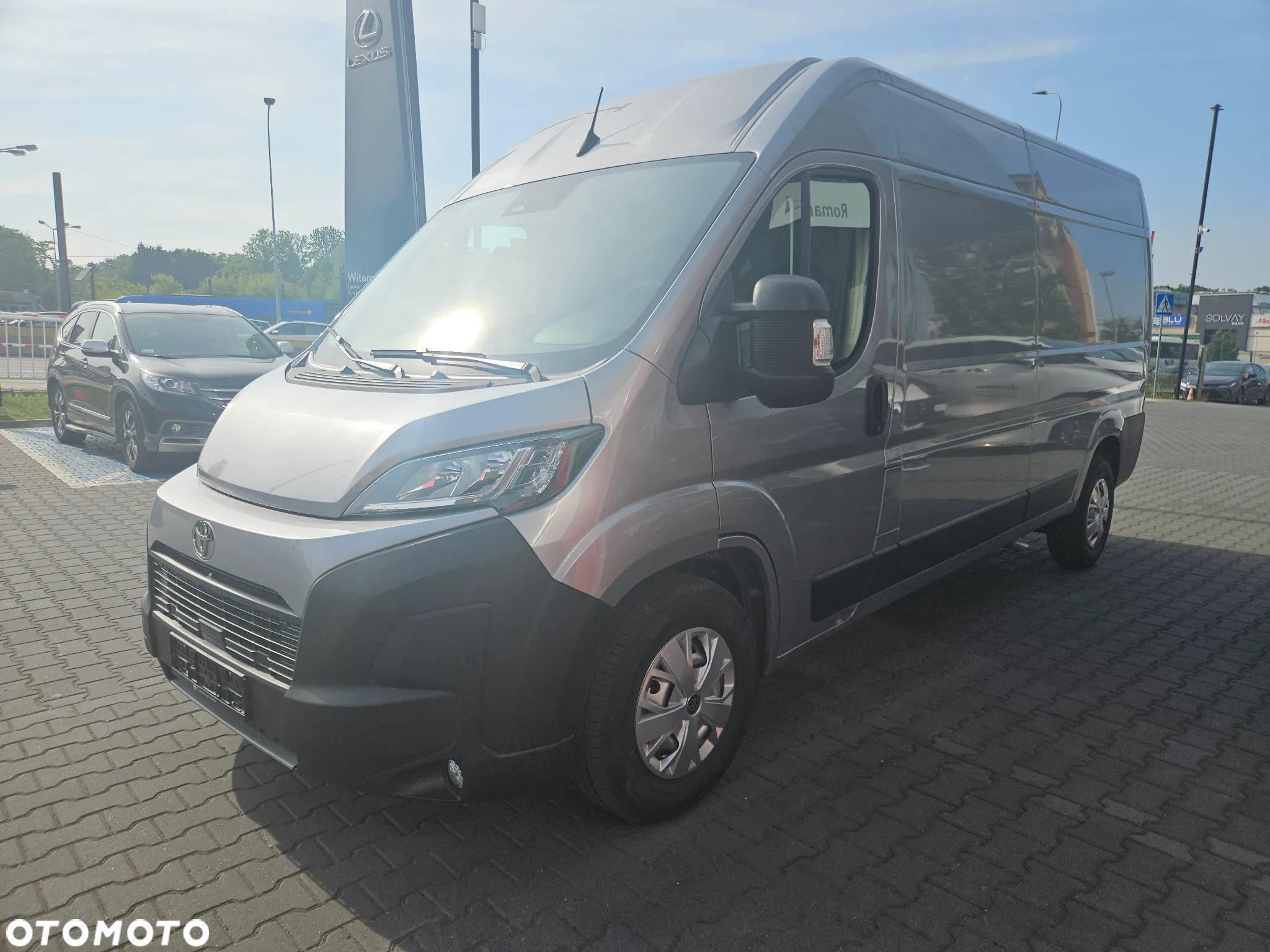 Toyota Proace Max - 2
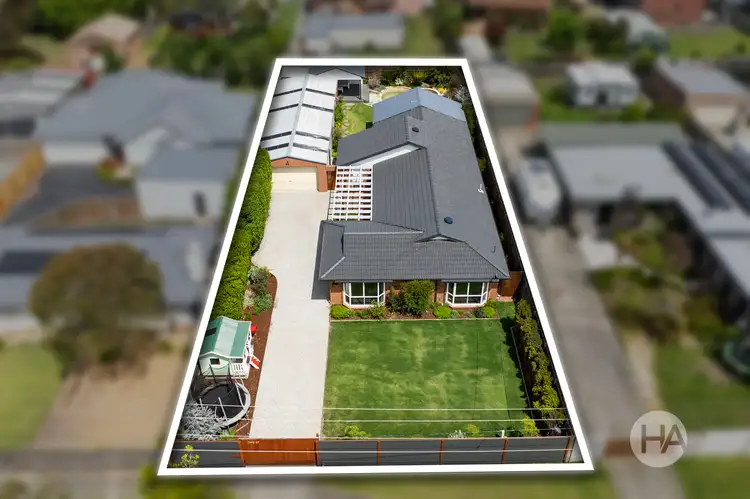 9 Lewis Street, Pearcedale VIC 3912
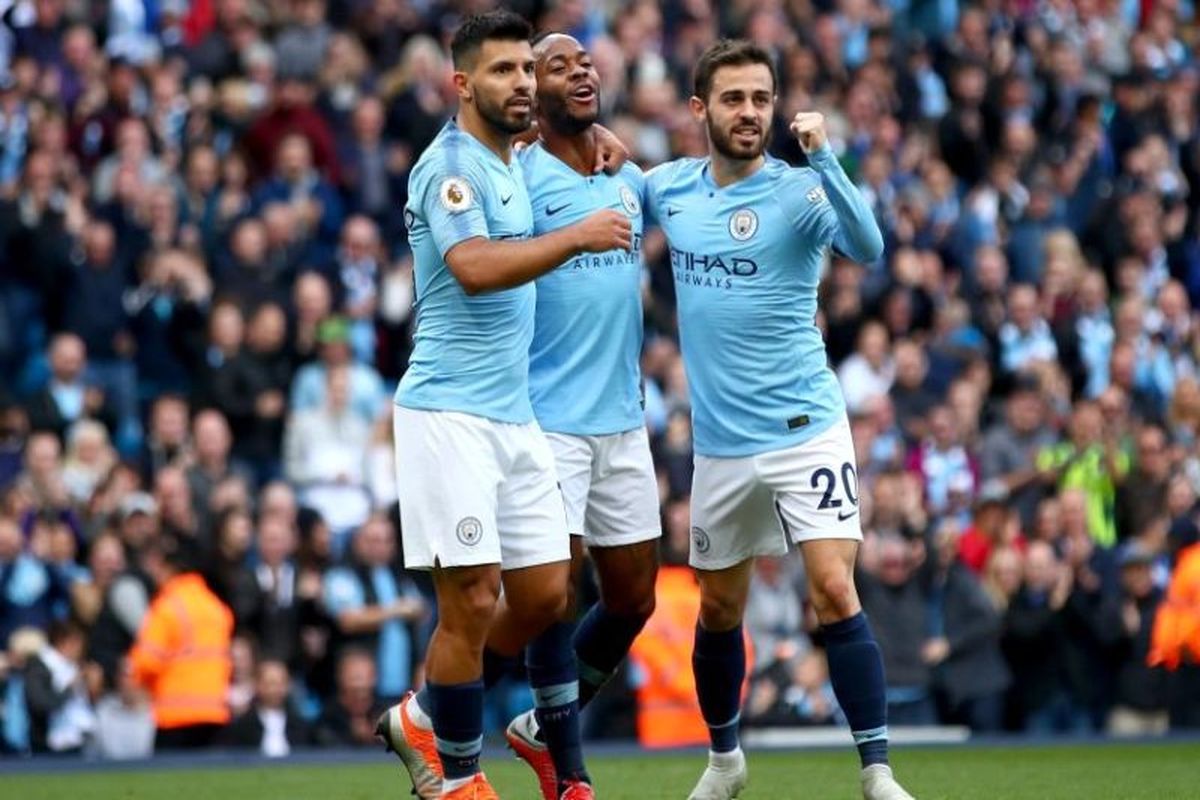 برایتون و منچسترسیتی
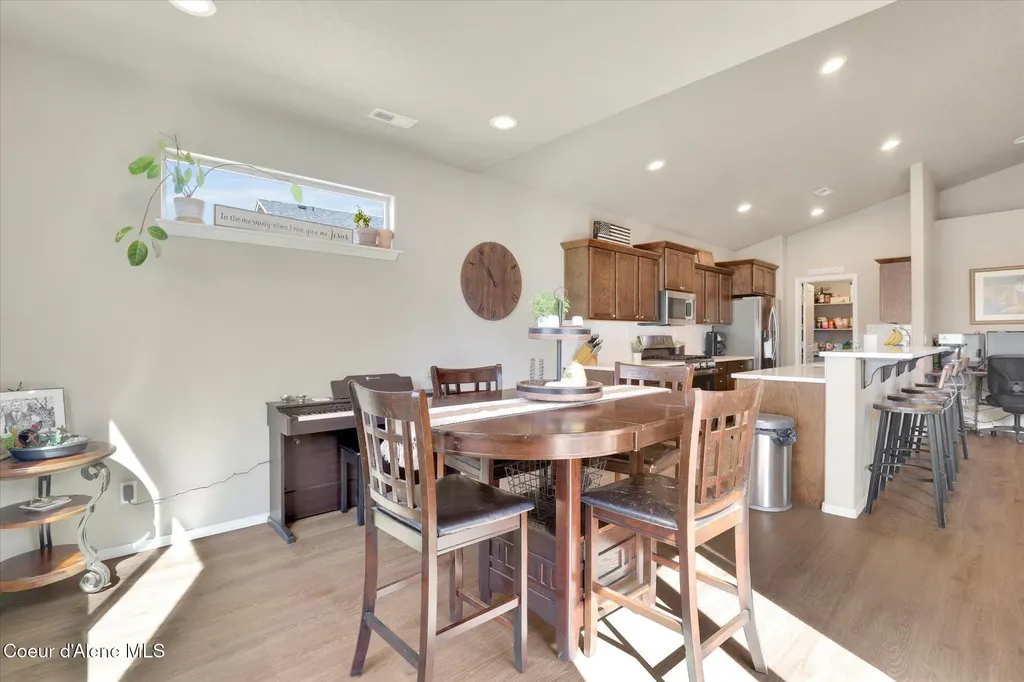 5994 W Alliance Street Rathdrum ID 83858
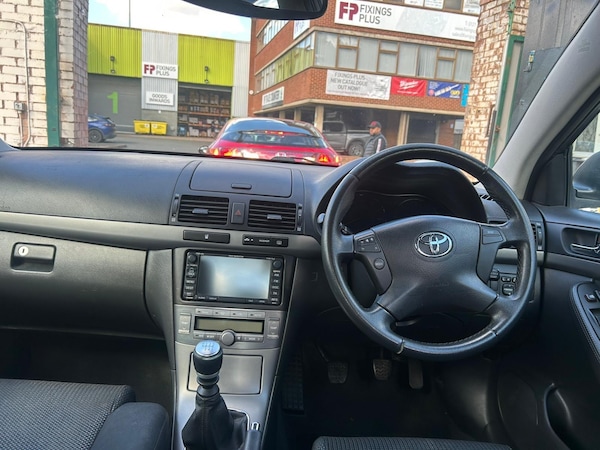 Used Toyota Avensis 2008 for sale - 76071805: Photo 11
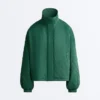 Short Fellex® Aerogel Padded Jacket Short Fellex® Aerogel Padded Jacket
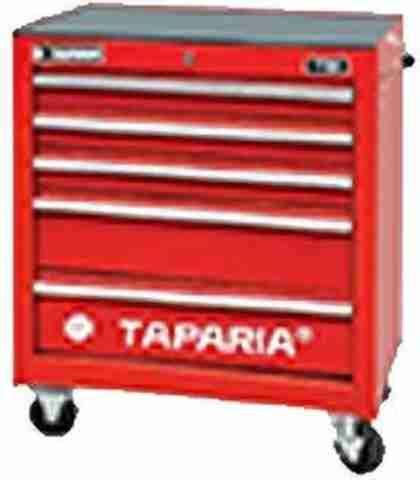 TAPARIA Tools Tool Box with Tray Price in India - Buy TAPARIA Tools ...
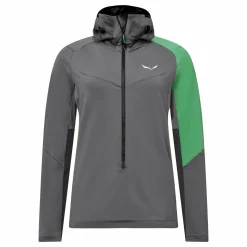 NXT Hybrid Half Zip T-Shirt Women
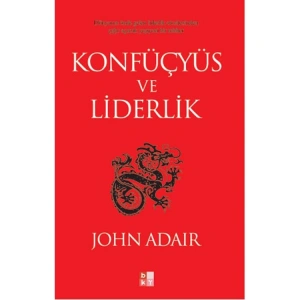 KONFÜÇYÜS VE LİDERLİK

******************************

> WHAT IS EXPECTED
Reproduce exactly the part of the records above that begins at the line holding "Short Fellex® Aerogel Padded Jacket Short" and ends at the final line, both included, leaving out the pictures.

> ANSWER SECTION
 Short Fellex® Aerogel Padded Jacket Short Fellex® Aerogel Padded Jacket
 TAPARIA Tools Tool Box with Tray Price in India - Buy TAPARIA Tools ...
 NXT Hybrid Half Zip T-Shirt Women
 KONFÜÇYÜS VE LİDERLİK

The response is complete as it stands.